愛知県春日井市のHUQ様から、光害地で撮るシリーズの「M17オメガ星雲」をお送りいただきましたのでご紹介します。
 M17
M17_2

●M17 オメガ星雲
2017年4月3日2時24分~ タカハシ FS-60Q(f=600mm F10.0) + IDAS LPS-D1フィルター ニコン Df(クリアフィルター改造) ISO800 露出8分×9枚 10分×5枚 合計14枚コンポジット SWAT-200+ SS-one mini MaxImDLにて2軸ガイド X-Yディザリング 撮影地 愛知県春日井市 下は拡大トリミング
 
■コメント
4月2日の晩はこの春初めて自宅から4等星が肉眼で見えるほど、透明度の良い夜でした。本来なら南知多へ遠征したいところでしたが、こんな日に限って妻が風邪引いてダウンし、放置するわけにもいかず、やむなく自宅ベランダ撮りに甘んじました。夜明け前には再び霞がうっすら掛かってきたようですが、それでも FS-60Q(f=600mm F10) + LPS-D1 + クリアフィルタ改造 Nikon Df にて、ISO800 で1コマ露出10分を掛けられるほど良い空でした。とはいえ、星野写真でよく使われる F4 ISO1600 に換算すると、僅か48秒の露光となります。それでも夏の天の川の中の淡い散光星雲が方々に写ってくれたので、ド派手に炙り上げてみました。
 
■係より
M17オメガ星雲は白鳥星雲とも呼ばれる大型の散光星雲で、前回投稿いただいたM16ワシ星雲から南に2°ほどの位置にあります。200~300mm望遠レンズくらいなら両方を構図にピッタリと収めることができます。

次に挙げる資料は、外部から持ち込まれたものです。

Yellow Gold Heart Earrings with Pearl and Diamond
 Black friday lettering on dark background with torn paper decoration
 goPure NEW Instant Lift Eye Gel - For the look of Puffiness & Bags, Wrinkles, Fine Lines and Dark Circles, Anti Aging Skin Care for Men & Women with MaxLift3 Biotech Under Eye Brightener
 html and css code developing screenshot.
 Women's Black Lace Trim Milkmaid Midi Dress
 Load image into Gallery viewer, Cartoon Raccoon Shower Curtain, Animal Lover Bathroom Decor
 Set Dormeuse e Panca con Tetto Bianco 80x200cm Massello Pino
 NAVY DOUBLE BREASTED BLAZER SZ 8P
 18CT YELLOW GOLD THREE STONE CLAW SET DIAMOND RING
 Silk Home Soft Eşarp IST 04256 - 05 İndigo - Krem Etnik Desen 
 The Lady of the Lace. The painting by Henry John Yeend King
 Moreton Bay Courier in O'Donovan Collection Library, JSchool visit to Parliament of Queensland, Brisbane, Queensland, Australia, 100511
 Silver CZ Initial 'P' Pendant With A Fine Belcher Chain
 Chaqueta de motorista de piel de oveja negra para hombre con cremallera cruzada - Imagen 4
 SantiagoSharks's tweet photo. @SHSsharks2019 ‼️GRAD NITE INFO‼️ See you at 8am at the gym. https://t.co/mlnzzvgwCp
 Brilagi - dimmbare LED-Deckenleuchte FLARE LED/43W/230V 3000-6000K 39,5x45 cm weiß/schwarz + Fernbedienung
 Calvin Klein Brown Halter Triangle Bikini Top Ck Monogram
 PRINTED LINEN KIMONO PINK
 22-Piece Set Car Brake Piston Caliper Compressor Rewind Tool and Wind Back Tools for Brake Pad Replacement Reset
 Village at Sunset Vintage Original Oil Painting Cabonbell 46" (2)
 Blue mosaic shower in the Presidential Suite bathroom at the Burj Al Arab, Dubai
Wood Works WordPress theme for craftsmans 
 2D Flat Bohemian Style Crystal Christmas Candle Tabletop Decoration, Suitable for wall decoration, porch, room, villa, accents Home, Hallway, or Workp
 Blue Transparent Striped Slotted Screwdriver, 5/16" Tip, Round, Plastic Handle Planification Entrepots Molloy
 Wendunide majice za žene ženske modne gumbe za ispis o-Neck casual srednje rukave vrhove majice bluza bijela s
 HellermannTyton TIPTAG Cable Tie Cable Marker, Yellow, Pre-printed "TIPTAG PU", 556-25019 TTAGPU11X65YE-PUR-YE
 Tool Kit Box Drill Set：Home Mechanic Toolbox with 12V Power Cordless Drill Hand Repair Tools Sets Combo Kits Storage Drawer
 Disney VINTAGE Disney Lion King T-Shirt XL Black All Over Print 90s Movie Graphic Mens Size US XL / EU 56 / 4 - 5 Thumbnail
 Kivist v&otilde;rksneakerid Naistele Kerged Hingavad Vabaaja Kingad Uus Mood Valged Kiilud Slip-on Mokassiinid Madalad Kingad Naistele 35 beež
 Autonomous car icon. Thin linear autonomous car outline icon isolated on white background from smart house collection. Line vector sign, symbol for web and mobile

今回のHUQさんの作品は、透明度が良かったこともあると思いますが、本当に光害地 !? と思うほど良く撮れていて、口径60mmの能力をフルに発揮した作品といえるのではないでしょうか。散光星雲の濃淡が描写されていて驚きました。周囲に広がる淡い散光星雲もよく写っていますね。ノイズも少なく、階調も豊かで、光害地としては納得いく作品になったのではないでしょうか。このたびは、ご投稿、ありがとうございました。次回作、期待しております。

2017年4月 1日 (土)

M78付近としし座トリオ銀河。

東京都八王子市の関原謙介様より、「M78付近」と「しし座トリオ銀河」をお送りいただきましたのでご紹介します。
 M78l

●バーナードループとM78
2017年2月26日 コーワプロミナー500+TX07(合成焦点距離350mm/F4) ニコン D810A IDAS HEUIB-IIフィルター使用 ISO1100 100秒露出×12枚をStellaImage7でコンポジット ニコンキャプチャーNX2およびNeat Imageにて画像処理 SWAT-350にてノータッチガイド 撮影地 静岡県松崎町
 Leotripletl

●レオ・トリプレット
2017年3月29日 コーワプロミナー500+TX10(焦点距離500mm/F5.6) ニコン D810A IDAS HEUIB-IIフィルター使用 ISO1600 90秒露出×39枚をStellaImage7でコンポジット ニコンキャプチャーNX2にて画像処理 SWAT-350にてノータッチガイド 撮影地 静岡県松崎町
 
■コメント
「バーナードループとM78」は2月下旬の新月の週、以前に掲載していただいた「アンタレス周辺」を撮影したのと同じ晩に撮影したものです。この日は、とにかく風が強く、どうにか使えるコマが12枚で、トータル20分程度の露光時間での画像です。M78やバーナードループ周辺の散光星雲の濃淡をもっと写し込みたかったのですが、来年の楽しみにとっておきます。「レオ・トリプレット」はコーワプロミナーにレデューサーを付けず、焦点距離500mmでの撮影です。風はなかったのですが、今度は雲にじゃまされ、トータル1時間程度の露光時間を確保するのがやっとでした。この春はいい条件で撮影できず、もやもやがたまっています。
 
■係より
3月は天候に恵まれず、みなさん鬱憤が溜まってしまったようです。関原さんも約1ヶ月ぶりのご投稿となりました。オリオン座のM78星雲は、付近に広がる暗黒星雲を近くの恒星が照らして反射したものです。暗黒帯が複雑に入り組んでいて、作例でもその一端が分かります。ちょうどバーナードループの濃い部分も一緒に写せますので、人気のある構図となっています。しし座のトリオ銀河も人気の撮影ポイントで、三つ子銀河とも呼ばれます。上がNGC3628、左下がM66、右下がM65です。しし座、おとめ座、かみのけ座付近は銀河の宝庫で、このあたりならどこを向けて撮っても、何かしらの銀河が写っていることが多いです。コーワプロミーナーの星像はシャープですから、撮っていて楽しいですね。このたびは、ご投稿ありがとうございました。4月の新月期に期待しましょう。